ATA/876/2004 du 09.11.2004 ( CE ) , REJETE

Descripteurs : DROIT DE PREEMPTION; LOGEMENT SOCIAL; GARANTIE DE LA PROPRIETE; LIBERTE ECONOMIQUE; SUBSIDIARITE; PROPORTIONNALITE; POUVOIR D'EXAMEN; INTERET PUBLIC
Normes : LGL.3 al.1; LGL.9 al.1; LGL.16; LGL.26 litt.c; CST.26; CST.27; CST.36 al.1
Résumé : Recours de la commune contre le refus du Conseil d'Etat de lui permettre l'exercice du droit de préemption prévu par l'art. 3 al. 1 LGL dans le but d'acquérir la parcelle pour y construire un EMS et des logements. Selon le Conseil d'Etat, seuls les logements exhaustivement énumérés par l'art. 16 LGL seraient admis par l'art. 3 al. 1 LGL. Interprétation confirmée par le Tribunal administratif.
En fait
En droit
Par ces motifs
RÉPUBLIQUE ET CANTON DE GENÈVE

POUVOIR JUDICIAIRE

A/811/2004-CE ATA/876/2004

ARRÊT

DU TRIBUNAL ADMINISTRATIF

du 9 novembre 2004

dans la cause

 

COMMUNE DE X.
représentée par Me Christian Buonomo, avocat

contre

CONSEIL D'ETAT

et

Caisse de prévoyance du personnel enseignant de l’instruction publique et des fonctionnaires de l’administration du canton de Genève

appelée en cause et représentée par Me David Lachat, avocat



 


1. Le 29 août 2002, le Grand Conseil a déclassé la parcelle…, feuille .., sise … à X, dont la propriétaire était feu Madame M.M. L., de la 5ème zone de villas en zone de développement 4A. Ce faisant, la volonté de l’Etat de Genève était de lutter contre la pénurie de logement, notamment en densifiant la zone villas.

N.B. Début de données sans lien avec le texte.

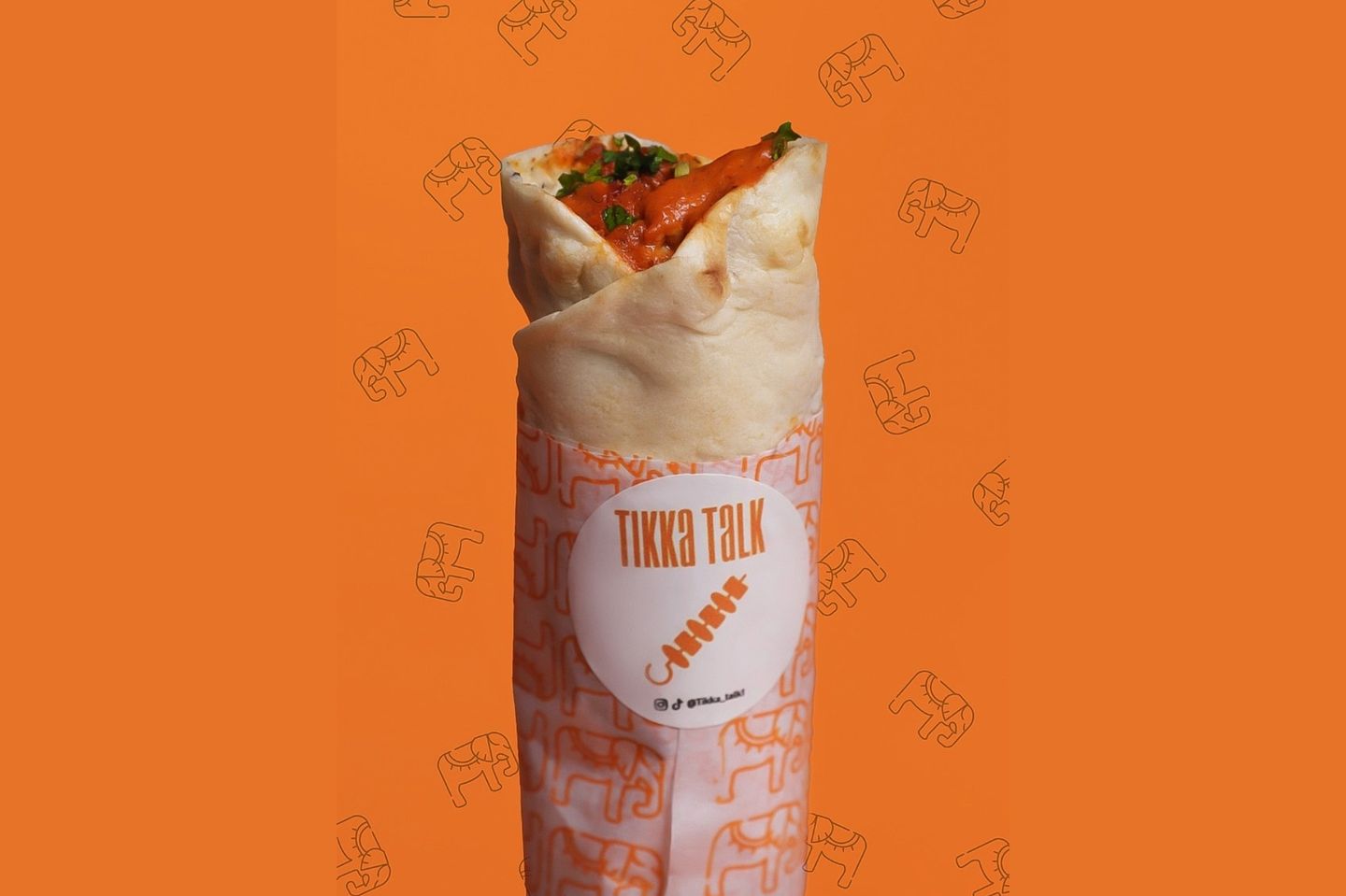 Tikka Sandwich - Large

Sur intervention de la Commune de X. (ci-après : la commune), l’indice d’utilisation du sol a été réduit et limité à 0,6.

2. Le 8 octobre 2003, la caisse de prévoyance du personnel enseignant de l’instruction publique et des fonctionnaires de l’administration du canton de Genève (ci-après : CIA) a acquis ladite parcelle de l’hoirie de feu Madame L. à l’occasion d’enchères volontaires publiques.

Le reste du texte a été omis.